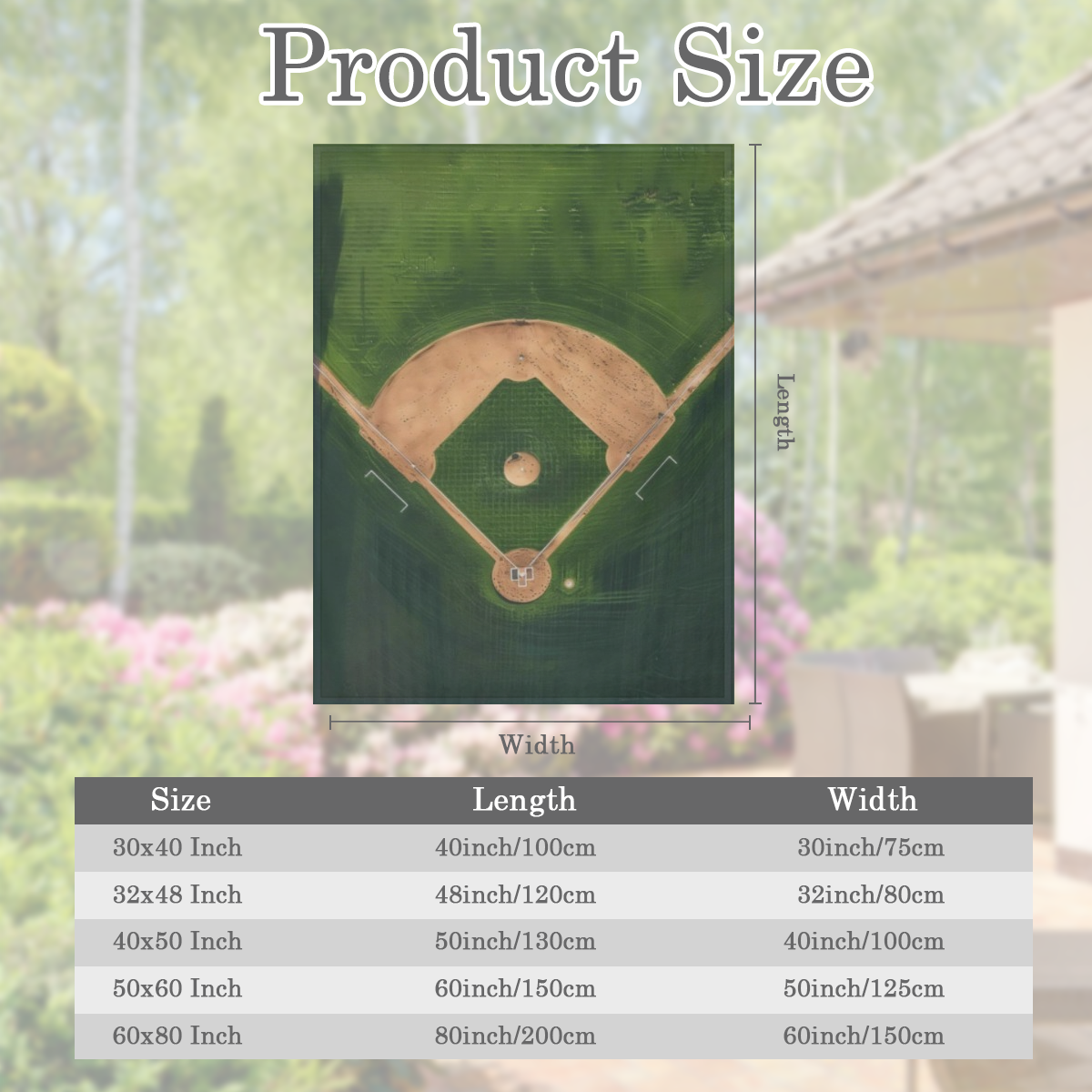 Baseball Blanket for Adults Boys Girls, Flannel Baseball Blankets Gifts, Baseball Field Throw Blanket for Sofa Couch Bed Living Room Soft Warm Cozy Baseball Decor
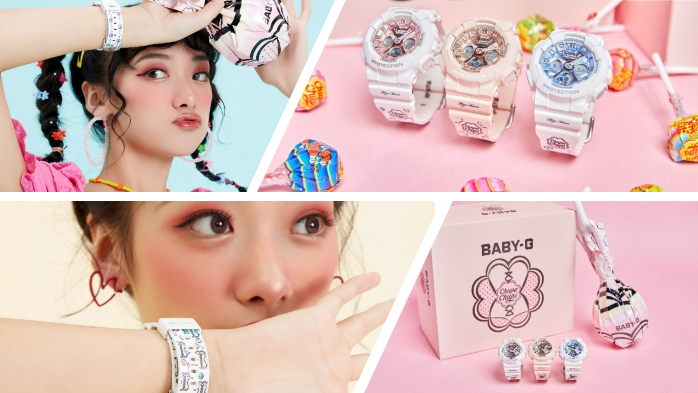 Casio Baby-G and Chupa Chups in Maya Hansen Capsule Collection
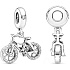 Charme Sterling Silber 925 Dazzling Wheel, Anhänger am Armband Sport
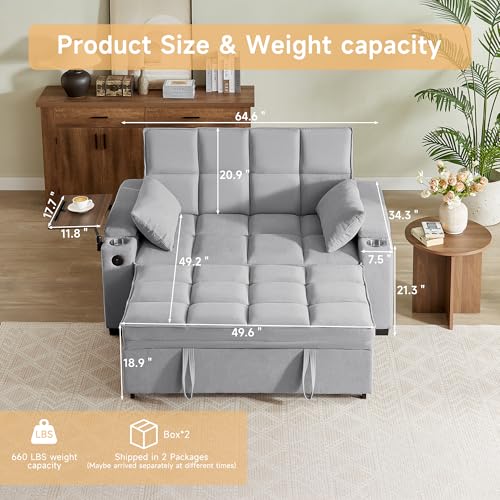 65" Chaise Lounge Chair with Adjustable Backrest, Storage & Swivel Table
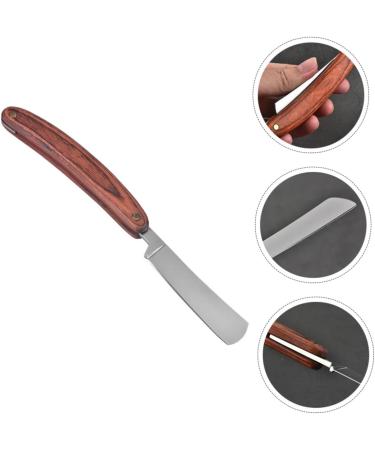 WOONEKY Men's Razor - Manual Wooden Handle Rustproof Steel | Best Trimming Tool for Hairdressers & Home Use - Buy Online on GoSupps.com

..............................

Task to carry out: Hand back the data exactly as it appears, with all pictures cut.

Response to this task:
 Baseball Blanket for Adults Boys Girls, Flannel Baseball Blankets Gifts, Baseball Field Throw Blanket for Sofa Couch Bed Living Room Soft Warm Cozy Baseball Decor
 Casio Baby-G and Chupa Chups in Maya Hansen Capsule Collection
 Charme Sterling Silber 925 Dazzling Wheel, Anhänger am Armband Sport
 65" Chaise Lounge Chair with Adjustable Backrest, Storage & Swivel Table
 WOONEKY Men's Razor - Manual Wooden Handle Rustproof Steel | Best Trimming Tool for Hairdressers & Home Use - Buy Online on GoSupps.com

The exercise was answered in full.